Dataset content: Begin

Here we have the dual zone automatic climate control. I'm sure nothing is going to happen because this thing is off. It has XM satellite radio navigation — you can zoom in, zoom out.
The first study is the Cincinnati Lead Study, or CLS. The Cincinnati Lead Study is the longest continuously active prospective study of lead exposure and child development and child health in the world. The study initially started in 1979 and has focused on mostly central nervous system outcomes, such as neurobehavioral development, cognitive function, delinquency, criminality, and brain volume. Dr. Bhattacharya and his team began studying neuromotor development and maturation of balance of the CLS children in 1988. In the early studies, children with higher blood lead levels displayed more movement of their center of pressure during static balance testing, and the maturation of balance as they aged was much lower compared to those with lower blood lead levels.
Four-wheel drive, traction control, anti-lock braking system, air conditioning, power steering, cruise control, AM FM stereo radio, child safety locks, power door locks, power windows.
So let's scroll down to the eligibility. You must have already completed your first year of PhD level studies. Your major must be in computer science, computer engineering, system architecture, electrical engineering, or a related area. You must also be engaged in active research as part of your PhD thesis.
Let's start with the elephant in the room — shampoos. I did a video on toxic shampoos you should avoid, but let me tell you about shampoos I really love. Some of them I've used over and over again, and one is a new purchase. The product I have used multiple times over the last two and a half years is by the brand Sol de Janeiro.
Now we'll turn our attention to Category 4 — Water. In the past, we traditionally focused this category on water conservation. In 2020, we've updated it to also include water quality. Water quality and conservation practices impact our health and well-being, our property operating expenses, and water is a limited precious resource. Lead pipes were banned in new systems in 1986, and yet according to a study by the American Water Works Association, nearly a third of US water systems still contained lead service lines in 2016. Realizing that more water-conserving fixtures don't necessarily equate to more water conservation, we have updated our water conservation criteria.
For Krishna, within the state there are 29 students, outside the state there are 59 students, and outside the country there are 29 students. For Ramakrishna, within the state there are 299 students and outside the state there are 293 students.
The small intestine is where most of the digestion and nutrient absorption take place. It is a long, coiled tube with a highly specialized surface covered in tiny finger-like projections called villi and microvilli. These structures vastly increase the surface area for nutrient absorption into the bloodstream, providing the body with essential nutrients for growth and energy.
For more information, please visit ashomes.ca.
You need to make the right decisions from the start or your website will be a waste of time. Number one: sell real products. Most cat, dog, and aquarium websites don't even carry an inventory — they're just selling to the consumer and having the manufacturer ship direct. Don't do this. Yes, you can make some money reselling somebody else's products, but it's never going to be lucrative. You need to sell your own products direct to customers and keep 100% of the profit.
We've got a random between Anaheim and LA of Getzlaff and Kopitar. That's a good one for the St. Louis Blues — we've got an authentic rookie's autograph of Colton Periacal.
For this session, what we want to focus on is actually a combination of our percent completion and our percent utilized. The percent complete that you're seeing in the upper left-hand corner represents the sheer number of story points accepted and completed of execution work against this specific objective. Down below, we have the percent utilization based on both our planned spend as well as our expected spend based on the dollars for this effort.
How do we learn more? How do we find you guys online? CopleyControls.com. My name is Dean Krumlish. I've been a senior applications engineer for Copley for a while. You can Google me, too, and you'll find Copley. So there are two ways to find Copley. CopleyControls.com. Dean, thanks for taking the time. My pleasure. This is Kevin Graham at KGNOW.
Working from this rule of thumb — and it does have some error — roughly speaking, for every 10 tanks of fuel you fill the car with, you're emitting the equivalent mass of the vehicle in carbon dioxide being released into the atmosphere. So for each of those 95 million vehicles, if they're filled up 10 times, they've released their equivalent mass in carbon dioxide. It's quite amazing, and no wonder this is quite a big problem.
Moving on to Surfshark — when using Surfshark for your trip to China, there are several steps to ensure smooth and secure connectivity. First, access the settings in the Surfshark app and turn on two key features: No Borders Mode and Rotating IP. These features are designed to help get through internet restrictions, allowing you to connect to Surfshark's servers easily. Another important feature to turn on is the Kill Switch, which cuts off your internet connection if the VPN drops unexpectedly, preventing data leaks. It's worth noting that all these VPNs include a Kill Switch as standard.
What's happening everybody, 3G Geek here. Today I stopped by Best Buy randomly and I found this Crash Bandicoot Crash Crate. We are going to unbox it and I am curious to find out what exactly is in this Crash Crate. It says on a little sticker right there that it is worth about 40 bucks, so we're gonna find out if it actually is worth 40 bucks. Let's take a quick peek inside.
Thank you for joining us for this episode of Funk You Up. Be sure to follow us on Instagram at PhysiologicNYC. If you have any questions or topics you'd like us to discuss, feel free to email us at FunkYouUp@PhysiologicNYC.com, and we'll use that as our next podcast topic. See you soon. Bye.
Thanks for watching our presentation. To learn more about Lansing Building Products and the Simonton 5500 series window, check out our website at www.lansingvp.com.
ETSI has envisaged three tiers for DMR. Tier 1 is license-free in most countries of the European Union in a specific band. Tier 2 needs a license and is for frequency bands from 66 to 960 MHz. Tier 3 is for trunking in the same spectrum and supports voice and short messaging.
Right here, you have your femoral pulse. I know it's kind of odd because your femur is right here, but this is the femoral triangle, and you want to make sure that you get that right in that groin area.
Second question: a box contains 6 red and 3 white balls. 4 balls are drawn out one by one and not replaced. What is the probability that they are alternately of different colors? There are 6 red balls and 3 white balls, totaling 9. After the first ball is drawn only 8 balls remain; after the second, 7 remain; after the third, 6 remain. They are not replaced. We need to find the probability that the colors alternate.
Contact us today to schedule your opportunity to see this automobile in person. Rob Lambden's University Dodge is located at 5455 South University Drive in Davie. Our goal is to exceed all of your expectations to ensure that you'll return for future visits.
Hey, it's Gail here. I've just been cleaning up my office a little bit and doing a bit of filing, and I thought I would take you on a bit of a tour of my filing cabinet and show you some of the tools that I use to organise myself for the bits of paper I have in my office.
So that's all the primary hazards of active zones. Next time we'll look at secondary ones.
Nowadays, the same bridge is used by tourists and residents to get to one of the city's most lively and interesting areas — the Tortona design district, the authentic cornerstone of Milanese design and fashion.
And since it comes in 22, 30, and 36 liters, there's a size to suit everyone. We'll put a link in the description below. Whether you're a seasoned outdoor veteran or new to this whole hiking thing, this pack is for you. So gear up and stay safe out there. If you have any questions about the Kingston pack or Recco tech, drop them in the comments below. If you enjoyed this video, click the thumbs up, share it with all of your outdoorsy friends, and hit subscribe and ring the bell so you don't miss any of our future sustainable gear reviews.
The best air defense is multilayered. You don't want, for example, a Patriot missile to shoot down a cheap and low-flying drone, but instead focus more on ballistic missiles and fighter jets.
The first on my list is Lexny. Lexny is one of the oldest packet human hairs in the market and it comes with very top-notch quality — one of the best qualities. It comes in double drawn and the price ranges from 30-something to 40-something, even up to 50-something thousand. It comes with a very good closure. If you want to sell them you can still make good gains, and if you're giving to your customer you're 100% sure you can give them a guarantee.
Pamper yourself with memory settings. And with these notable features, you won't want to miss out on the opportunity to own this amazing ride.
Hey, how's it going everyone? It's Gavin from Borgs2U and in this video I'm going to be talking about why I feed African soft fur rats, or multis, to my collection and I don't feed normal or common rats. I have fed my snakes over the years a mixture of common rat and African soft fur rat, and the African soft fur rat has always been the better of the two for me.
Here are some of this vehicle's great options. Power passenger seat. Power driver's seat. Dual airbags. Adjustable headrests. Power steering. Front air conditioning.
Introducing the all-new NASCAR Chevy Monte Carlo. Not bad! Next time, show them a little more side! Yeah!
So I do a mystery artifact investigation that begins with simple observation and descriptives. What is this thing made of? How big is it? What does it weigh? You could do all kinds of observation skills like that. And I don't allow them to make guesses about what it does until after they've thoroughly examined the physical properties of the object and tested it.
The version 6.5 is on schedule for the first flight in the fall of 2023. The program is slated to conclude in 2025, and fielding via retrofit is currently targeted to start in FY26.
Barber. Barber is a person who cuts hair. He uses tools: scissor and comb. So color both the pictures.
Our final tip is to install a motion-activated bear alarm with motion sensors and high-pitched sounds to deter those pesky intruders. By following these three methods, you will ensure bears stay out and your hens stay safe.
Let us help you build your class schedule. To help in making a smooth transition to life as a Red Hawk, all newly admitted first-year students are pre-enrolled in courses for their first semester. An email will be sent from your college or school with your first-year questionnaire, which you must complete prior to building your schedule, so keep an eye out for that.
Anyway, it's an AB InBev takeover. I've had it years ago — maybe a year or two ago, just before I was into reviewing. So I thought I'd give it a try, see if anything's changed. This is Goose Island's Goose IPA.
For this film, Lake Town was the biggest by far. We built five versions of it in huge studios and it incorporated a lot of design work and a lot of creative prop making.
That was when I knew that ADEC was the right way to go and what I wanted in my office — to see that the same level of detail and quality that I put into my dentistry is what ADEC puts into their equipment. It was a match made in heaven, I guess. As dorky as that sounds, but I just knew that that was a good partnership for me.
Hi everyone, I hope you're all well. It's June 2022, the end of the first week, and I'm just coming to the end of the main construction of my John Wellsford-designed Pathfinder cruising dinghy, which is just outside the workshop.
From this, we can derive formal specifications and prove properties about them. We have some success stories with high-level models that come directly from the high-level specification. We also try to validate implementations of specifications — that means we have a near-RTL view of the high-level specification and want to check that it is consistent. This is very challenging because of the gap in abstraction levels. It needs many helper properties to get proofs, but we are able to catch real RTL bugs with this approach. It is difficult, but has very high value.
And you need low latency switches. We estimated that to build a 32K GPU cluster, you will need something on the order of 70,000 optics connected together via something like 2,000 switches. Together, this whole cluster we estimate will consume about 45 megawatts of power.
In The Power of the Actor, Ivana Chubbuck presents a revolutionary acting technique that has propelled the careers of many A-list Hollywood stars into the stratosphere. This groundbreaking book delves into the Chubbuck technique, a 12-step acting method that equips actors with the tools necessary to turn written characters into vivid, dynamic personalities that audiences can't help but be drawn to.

Dataset content: End

Return only the part of the records above that opens with the line containing "The small intestine" and closes with the line containing "You need to make", ends included.

The small intestine is where most of the digestion and nutrient absorption take place. It is a long, coiled tube with a highly specialized surface covered in tiny finger-like projections called villi and microvilli. These structures vastly increase the surface area for nutrient absorption into the bloodstream, providing the body with essential nutrients for growth and energy.
For more information, please visit ashomes.ca.
You need to make the right decisions from the start or your website will be a waste of time. Number one: sell real products. Most cat, dog, and aquarium websites don't even carry an inventory — they're just selling to the consumer and having the manufacturer ship direct. Don't do this. Yes, you can make some money reselling somebody else's products, but it's never going to be lucrative. You need to sell your own products direct to customers and keep 100% of the profit.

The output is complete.